I have two dicts; one with start coordinates and the other with end coordinates, paired using an incremental integer value e.g. starts[0] = 1000 and ends[0] = 2000. I also have a third dict that holds the corresponding id e.g. ids[0] = "EXON1".
I want to get the number of unique values from both the dicts (i.e. all those that appear at least once as 1000 or 2000 may be duplicated) and have used the following to do so (benchmarks I have seen have shown it to be the fastest method):
unique_starts = {}.fromkeys(exon_seq_region_starts.values()).keys()
unique_ends = {}.fromkeys(exon_seq_region_ends.values()).keys()
I then need to iterate through the smallest of these lists and get all the values that match in the larger list for each of the unique values (e.g. ends at 2000 may have starts at 900, 950 and 1000).

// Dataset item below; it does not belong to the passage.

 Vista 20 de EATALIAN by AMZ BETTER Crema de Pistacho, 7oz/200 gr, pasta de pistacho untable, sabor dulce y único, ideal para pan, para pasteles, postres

I need to retrieve the smallest value (e.g. 900 in this example) and its key in order to associate with the third, exon id dict.

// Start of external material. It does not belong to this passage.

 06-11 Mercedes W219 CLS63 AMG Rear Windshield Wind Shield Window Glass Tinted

Any ideas on the best way?
@Gawbul Then why don't you create an ordered (start/end) array of object Exon(start,end) and scan from 5' to 3' each overlaping Exons ??
Any chance you could tell us what you are trying to achieve, instead of asking how to implement the method you think is best?
Hi Casbon, I have a list of exon start and end coordinates retrieved from ensembl, but they aren't unique, in that some sequences overlap. I need to retrieve the exon ids and coordinates for the unique exons.